Search code examples
javascriptparsingcompiler-constructionabstract-syntax-treepeg

Distinguish operator precedence when traversing AST


I have an AST generated by a parsing expression grammar from a target language that will compile to a source language by traversing its nodes. A simple source like (10 + 20) * 2 should generate the following representation, as a native ECMAScript object:

var ast = {
   "type": "Stmt",
   "body": [
      {
         "type": "Expr",
         "expression": {
            "type": "BinaryExpr",
            "operator": "*",
            "left": {
               "type": "BinaryExpr",
               "operator": "+",
               "left": {
                  "type": "Literal",
                  "value": 10
               },
               "right": {
                  "type": "Literal",
                  "value": 20
               }
            },
            "right": {
               "type": "Literal",
               "value": 2
            }
         }
      }
   ]
};

The generated object clearly defines the precedence of the operators, and evaluating this source is pretty easy, however, generating code back from it is a pretty complex task when you have to deal with the parenthesis solving.

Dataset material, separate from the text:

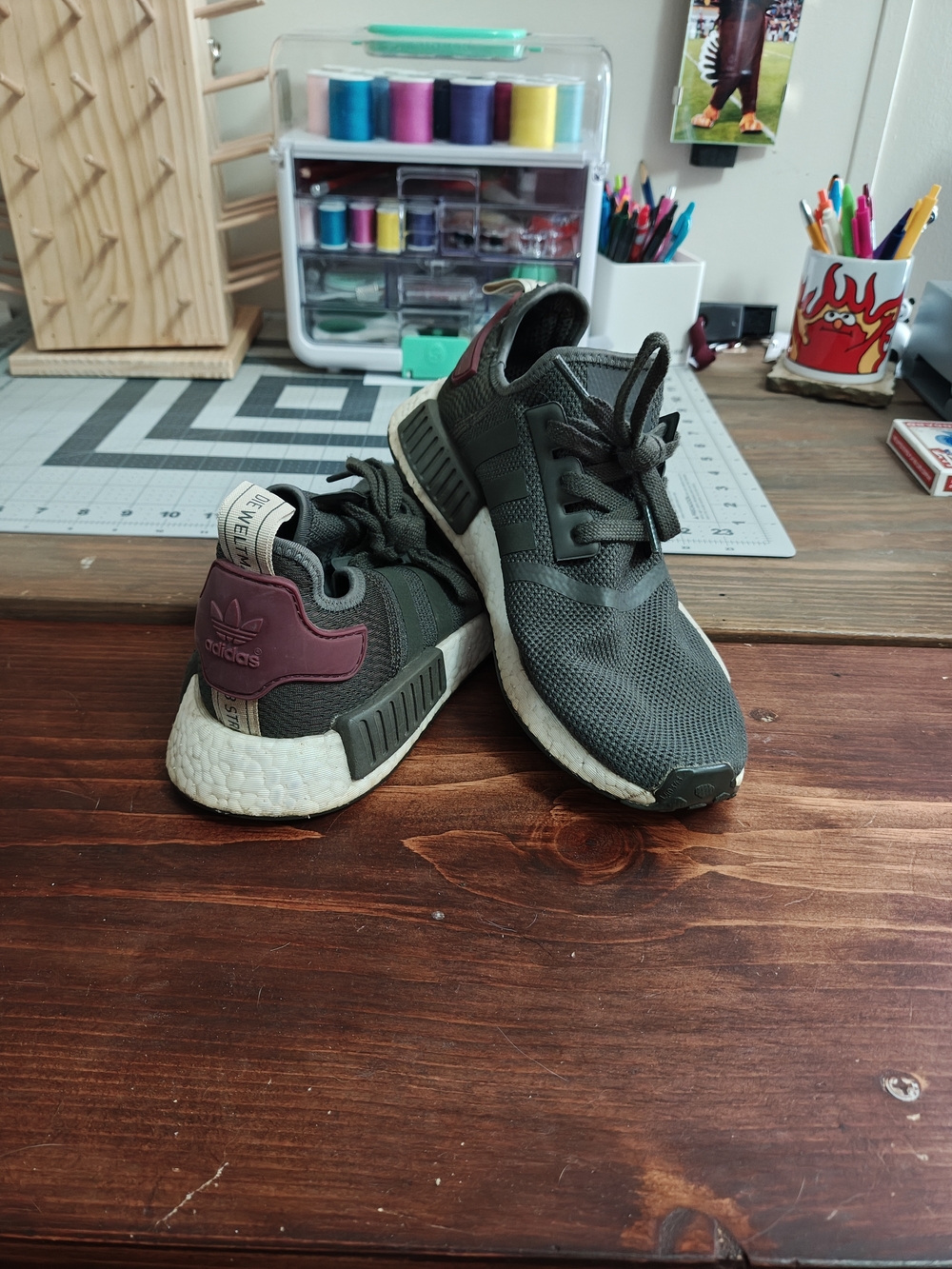 First Gen Adidas NMD Dark Green with Maroon Accent Womens Size 8.5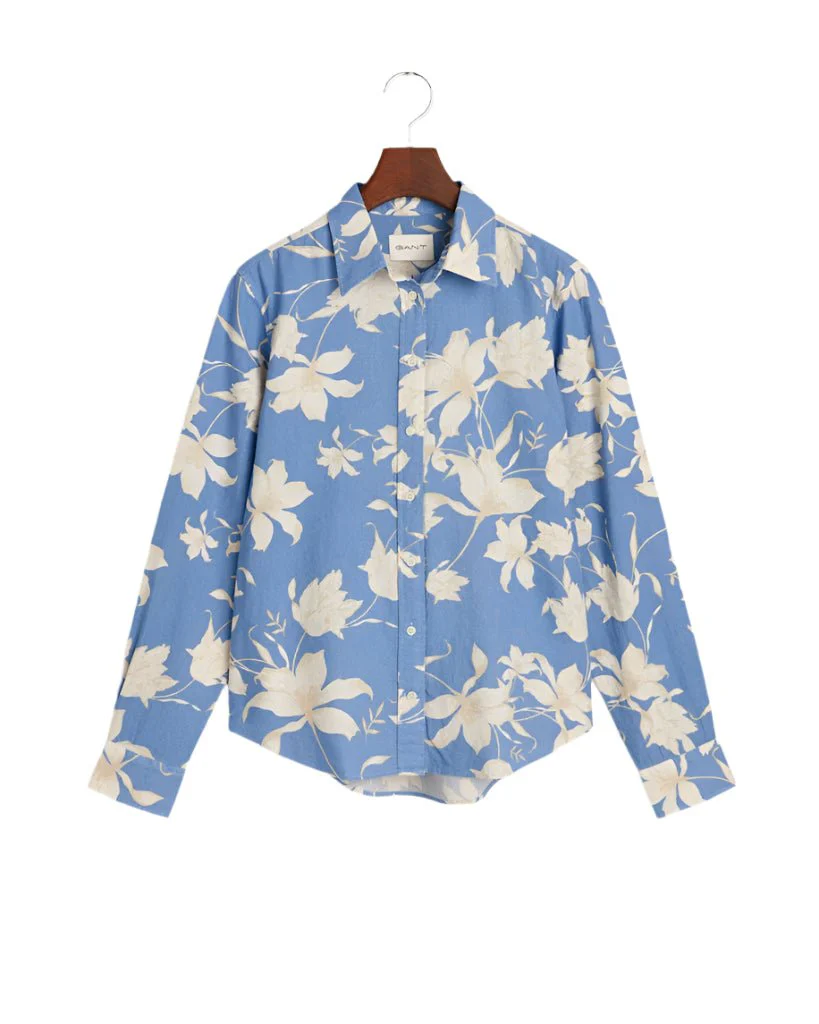 Regular Fit Floral Print Linen Shirt Perfect Blue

When generating code by traversing nodes, the precedence is completely lost. I have a function called visitor, which is the entry point of the program:

function visitor(node) {
  switch (node.type) {
    case "Stmt":
      return parseStmt(node.body);
  }
}

This simple grammar can accept multiple statements...

function parseStmt(body) {
  var stmtList = Array(body.length);

  for (var i = 0, len = body.length; i < len; i++) {
    stmtList[i] = (function(stmt) {
      switch (stmt.type) {
        case "Expr":
          return parseExpr(stmt.expression);
      }
    })(body[i]);
  }

  return stmtList.join(";\n");
}

... and two types of expressions:

function parseExpr(expr) {
  switch (expr.type) {
    case "BinaryExpr":
      return parseBinaryExpr(expr);
    case "Literal":
      return parseLiteral(expr);
  }
}

Where Literal just deals with string transformation...

function parseLiteral(expr) {
  return expr.value.toString();
}

... and BinaryExpr is ambiguous when solving precedence:

function parseBinaryExpr(expr) {
  var op = {
    left: parseExpr(expr.left),
    right: parseExpr(expr.right)
  };

  switch (expr.operator) {
    case "+":
      return Codegen.OP_ADD(op.left, op.right);
    case "*":
      return Codegen.OP_MUL(op.left, op.right);
  }
}

Only two math operations are here supported, and the code generation happens here:

var Codegen = {
  OP_ADD: function(left, right) {
    return left + " + " + right;
  },
  OP_MUL: function(left, right) {
    return left + " * " + right;
  }
};

When calling visitor(ast) back, I get 10 + 20 * 2, which would eval to 10 + (20 * 2) instead of (10 + 20) * 2, and inserting parenthesis in each side of the binary expression would be a ridiculous workaround: (10 + 20) * 2 where:

function parseBinaryExpr(expr) {
  var op = {
    left: "(" + parseExpr(expr.left) + ")",
    right: "(" + parseExpr(expr.right) + ")"
  };
...

How could this ambiguity be solved in a good way?


Solution

  • Wouldn't a simple precedence table and looking up at the parent expression solve it?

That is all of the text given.